• _WHAT YOU WILL DO_
What you return must match the listing below word for word.

START RECORDS

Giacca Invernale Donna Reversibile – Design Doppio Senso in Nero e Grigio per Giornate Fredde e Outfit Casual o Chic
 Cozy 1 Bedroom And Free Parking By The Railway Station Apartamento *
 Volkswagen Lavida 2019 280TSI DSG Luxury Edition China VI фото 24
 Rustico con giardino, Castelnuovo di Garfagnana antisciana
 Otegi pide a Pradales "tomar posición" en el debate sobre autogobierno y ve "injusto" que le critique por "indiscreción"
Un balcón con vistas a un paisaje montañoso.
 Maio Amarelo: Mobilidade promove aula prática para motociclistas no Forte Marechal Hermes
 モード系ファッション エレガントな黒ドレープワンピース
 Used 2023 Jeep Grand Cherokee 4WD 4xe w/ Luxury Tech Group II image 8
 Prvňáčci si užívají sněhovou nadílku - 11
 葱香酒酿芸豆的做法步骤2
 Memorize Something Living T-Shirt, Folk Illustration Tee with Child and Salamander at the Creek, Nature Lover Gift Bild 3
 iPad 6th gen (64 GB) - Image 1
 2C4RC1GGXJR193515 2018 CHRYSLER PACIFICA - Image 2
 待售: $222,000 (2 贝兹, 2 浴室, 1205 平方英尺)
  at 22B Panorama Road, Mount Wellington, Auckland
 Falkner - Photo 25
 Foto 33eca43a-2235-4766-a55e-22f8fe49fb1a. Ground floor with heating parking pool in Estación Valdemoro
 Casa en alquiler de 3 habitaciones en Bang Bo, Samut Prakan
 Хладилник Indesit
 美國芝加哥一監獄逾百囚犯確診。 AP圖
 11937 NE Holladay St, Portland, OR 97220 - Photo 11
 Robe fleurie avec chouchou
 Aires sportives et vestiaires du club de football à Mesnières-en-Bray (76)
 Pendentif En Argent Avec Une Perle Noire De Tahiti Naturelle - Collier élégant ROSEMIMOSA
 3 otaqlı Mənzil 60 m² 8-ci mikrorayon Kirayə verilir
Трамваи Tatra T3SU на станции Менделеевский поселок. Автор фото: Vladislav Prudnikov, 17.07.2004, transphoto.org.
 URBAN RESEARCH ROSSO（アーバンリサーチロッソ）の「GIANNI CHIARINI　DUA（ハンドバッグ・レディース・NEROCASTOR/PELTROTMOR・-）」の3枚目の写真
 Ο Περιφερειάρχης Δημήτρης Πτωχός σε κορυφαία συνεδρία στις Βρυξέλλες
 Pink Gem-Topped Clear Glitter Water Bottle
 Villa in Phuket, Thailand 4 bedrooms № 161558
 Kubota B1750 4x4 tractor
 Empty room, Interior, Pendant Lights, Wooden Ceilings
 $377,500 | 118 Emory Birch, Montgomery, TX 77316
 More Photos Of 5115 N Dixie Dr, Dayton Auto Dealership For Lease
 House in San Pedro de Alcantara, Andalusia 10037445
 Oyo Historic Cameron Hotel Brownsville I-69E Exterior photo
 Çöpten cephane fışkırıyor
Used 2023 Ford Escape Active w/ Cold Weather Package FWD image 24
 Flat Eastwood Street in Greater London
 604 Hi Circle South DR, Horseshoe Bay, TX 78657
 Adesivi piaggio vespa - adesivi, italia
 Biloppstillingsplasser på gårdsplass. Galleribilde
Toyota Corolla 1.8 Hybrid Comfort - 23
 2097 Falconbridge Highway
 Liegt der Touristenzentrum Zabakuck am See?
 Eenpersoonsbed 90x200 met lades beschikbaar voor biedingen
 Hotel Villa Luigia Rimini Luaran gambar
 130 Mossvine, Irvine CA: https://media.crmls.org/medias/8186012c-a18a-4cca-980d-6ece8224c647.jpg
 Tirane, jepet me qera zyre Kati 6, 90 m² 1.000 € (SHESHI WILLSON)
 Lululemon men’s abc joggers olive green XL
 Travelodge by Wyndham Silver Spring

END RECORDS

• _REPLY TO THE TASK_
Giacca Invernale Donna Reversibile – Design Doppio Senso in Nero e Grigio per Giornate Fredde e Outfit Casual o Chic
 Cozy 1 Bedroom And Free Parking By The Railway Station Apartamento *
 Volkswagen Lavida 2019 280TSI DSG Luxury Edition China VI фото 24
 Rustico con giardino, Castelnuovo di Garfagnana antisciana
 Otegi pide a Pradales "tomar posición" en el debate sobre autogobierno y ve "injusto" que le critique por "indiscreción"
Un balcón con vistas a un paisaje montañoso.
 Maio Amarelo: Mobilidade promove aula prática para motociclistas no Forte Marechal Hermes
 モード系ファッション エレガントな黒ドレープワンピース
 Used 2023 Jeep Grand Cherokee 4WD 4xe w/ Luxury Tech Group II image 8
 Prvňáčci si užívají sněhovou nadílku - 11
 葱香酒酿芸豆的做法步骤2
 Memorize Something Living T-Shirt, Folk Illustration Tee with Child and Salamander at the Creek, Nature Lover Gift Bild 3
 iPad 6th gen (64 GB) - Image 1
 2C4RC1GGXJR193515 2018 CHRYSLER PACIFICA - Image 2
 待售: $222,000 (2 贝兹, 2 浴室, 1205 平方英尺)
  at 22B Panorama Road, Mount Wellington, Auckland
 Falkner - Photo 25
 Foto 33eca43a-2235-4766-a55e-22f8fe49fb1a. Ground floor with heating parking pool in Estación Valdemoro
 Casa en alquiler de 3 habitaciones en Bang Bo, Samut Prakan
 Хладилник Indesit
 美國芝加哥一監獄逾百囚犯確診。 AP圖
 11937 NE Holladay St, Portland, OR 97220 - Photo 11
 Robe fleurie avec chouchou
 Aires sportives et vestiaires du club de football à Mesnières-en-Bray (76)
 Pendentif En Argent Avec Une Perle Noire De Tahiti Naturelle - Collier élégant ROSEMIMOSA
 3 otaqlı Mənzil 60 m² 8-ci mikrorayon Kirayə verilir
Трамваи Tatra T3SU на станции Менделеевский поселок. Автор фото: Vladislav Prudnikov, 17.07.2004, transphoto.org.
 URBAN RESEARCH ROSSO（アーバンリサーチロッソ）の「GIANNI CHIARINI　DUA（ハンドバッグ・レディース・NEROCASTOR/PELTROTMOR・-）」の3枚目の写真
 Ο Περιφερειάρχης Δημήτρης Πτωχός σε κορυφαία συνεδρία στις Βρυξέλλες
 Pink Gem-Topped Clear Glitter Water Bottle
 Villa in Phuket, Thailand 4 bedrooms № 161558
 Kubota B1750 4x4 tractor
 Empty room, Interior, Pendant Lights, Wooden Ceilings
 $377,500 | 118 Emory Birch, Montgomery, TX 77316
 More Photos Of 5115 N Dixie Dr, Dayton Auto Dealership For Lease
 House in San Pedro de Alcantara, Andalusia 10037445
 Oyo Historic Cameron Hotel Brownsville I-69E Exterior photo
 Çöpten cephane fışkırıyor
Used 2023 Ford Escape Active w/ Cold Weather Package FWD image 24
 Flat Eastwood Street in Greater London
 604 Hi Circle South DR, Horseshoe Bay, TX 78657
 Adesivi piaggio vespa - adesivi, italia
 Biloppstillingsplasser på gårdsplass. Galleribilde
Toyota Corolla 1.8 Hybrid Comfort - 23
 2097 Falconbridge Highway
 Liegt der Touristenzentrum Zabakuck am See?
 Eenpersoonsbed 90x200 met lades beschikbaar voor biedingen
 Hotel Villa Luigia Rimini Luaran gambar
 130 Mossvine, Irvine CA: https://media.crmls.org/medias/8186012c-a18a-4cca-980d-6ece8224c647.jpg
 Tirane, jepet me qera zyre Kati 6, 90 m² 1.000 € (SHESHI WILLSON)
 Lululemon men’s abc joggers olive green XL
 Travelodge by Wyndham Silver Spring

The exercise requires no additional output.